Privacy Lead/ Certified Information Privacy Professional (CIPP/G)

Direct Permanent Hire

Partial Remote/Washington DC

Onsite 2-3 days per week

Clearance: Must be U.S. Citizen / Public Trust

$120k Plus benefits Package

Privacy - Lead:

• Possess the abilities, knowledge, skills, tasks, and capabilities described in the Work Roles for Security Control Assessors (SP-RSK-002) and Privacy Officers/Privacy Compliance Managers (OV-LGA-002) outlined in the Attachment J-2, NICE Work Role Framework.

• 8-10 years of experience in Privacy, Policy, and Data Governs and certification in Certified Information Security Manager (CISM) and Certified Information Privacy Professional/Government (CIPP/G);

• Hold the Certified Information Privacy Professional (CIPP/G) for Government certification in order to assist the USCB with its compliance and risk mitigation practices.

• Bachelor’s Degree is Required

  The scope will include the following task areas and objectives:

• Prepare documents such as Privacy Impact Assessments (PIAs), System of Records Notices (SORNs), Privacy-related policies and directives, Privacy Act Statements, Privacy Notices, or privacy-related documents and ensure they meet Bureau standards prior to publication.

• Support the privacy continuous monitoring strategy by conducting regularly scheduled reviews of PIAs and SORNs, policies, program plans, and other privacy documents, as required.

• Assist with implementation of National Institute of Standards and Technology (NIST) Special Publication (SP) 800-53, Rev. 5 (Rev 5) controls, to include developing new or revised policies, procedures, and other privacy artifacts to align with the Rev 5 controls and additional supplemental guidance, as necessary.

• Conduct privacy analysis on the application of Rev 5 controls to provide privacy artifacts for submission into the Security Implementation Plan as part of the authority to operate (ATO) for IT systems and review other related artifacts.

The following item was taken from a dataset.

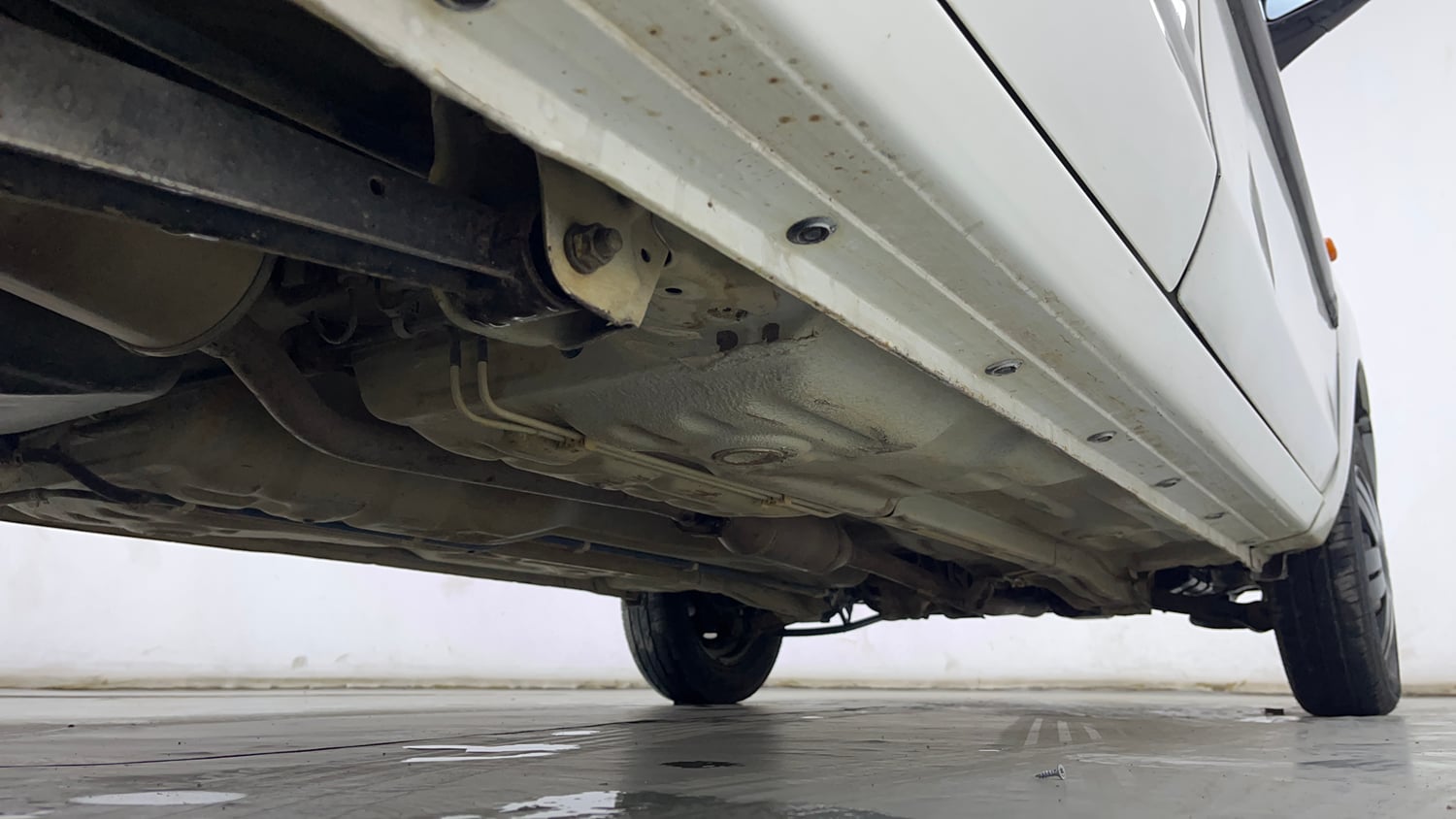 Used 2017 Maruti Suzuki Alto 800 VXi (O) Petrol Manual extra REAR RIGHT UNDERBODY VIEW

• Provide support in the creation and maintenance of privacy policies, directives, standard operating procedures (SOPs), and other documentation relevant to the operations of the Privacy Program to ensure they are up-to-date and address existing and/or new requirements, standards, audits, or assessment findings, or best practices.

• Provide privacy analysis on Bureau policies to identify and address privacy implications.

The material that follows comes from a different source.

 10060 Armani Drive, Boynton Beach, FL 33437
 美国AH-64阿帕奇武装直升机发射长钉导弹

• Review and provide recommendations on pertinent developments in federal privacy policy to determine impacts to the Bureau and the Privacy Program.

• Develop and maintain a Privacy Program dashboard and tracker to document, monitor, manage, and provide metrics on ongoing projects, initiatives, and tasks to ensure projects are on track and deadlines are met. Generate periodic status reports on ongoing efforts.

• Organize and maintain office records and documentation.

• Provide support on privacy initiatives or requirements and perform privacy analysis on research studies and projects, information technology systems and applications, data intakes, and other critical business operations to identify privacy implications or risks and propose mitigation strategies. This includes, but is not limited to work on breaches, audits, rulemakings, data disclosure, analysis of structured and unstructured data sets, etc., and other tasks as necessary.

  Subject Matter Expert III - A minimum of 3 years of demonstrable experience working in federal privacy compliance and operations and a bachelor’s degree.

  Demonstrated experience should include a researching, coordinating, and developing narrative style privacy compliance documentation such as Privacy Impact Assessments (PIAs), System of Records Notices (SORNs), Privacy-related policies and directives, Privacy Act Statements, and Privacy Notices, implementing NIST National Institute of Standards and Technology (NIST) Special Publication (SP) 800-53, Rev. 5 (Rev 5); analyzing privacy risk and providing recommendations related to the disclosure of data, structured and unstructured data sets, disclosure techniques, similar existing data releases, and risk profiles.

System One, and its subsidiaries including Joulé, ALTA IT Services, CM Access, TPGS, and MOUNTAIN, LTD., are leaders in delivering workforce solutions and integrated services across North America. We help clients get work done more efficiently and economically, without compromising quality. System One not only serves as a valued partner for our clients, but we offer eligible full-time employees health and welfare benefits coverage options including medical, dental, vision, spending accounts, life insurance, voluntary plans, as well as participation in a 401(k) plan.

System One is an Equal Opportunity Employer. All qualified applicants will receive consideration for employment without regard to race, color, religion, sex (including pregnancy, childbirth, or related medical conditions), sexual orientation, gender identity, age, national origin, disability, family care or medical leave status, genetic information, veteran status, marital status, or any other characteristic protected by applicable federal, state, or local law.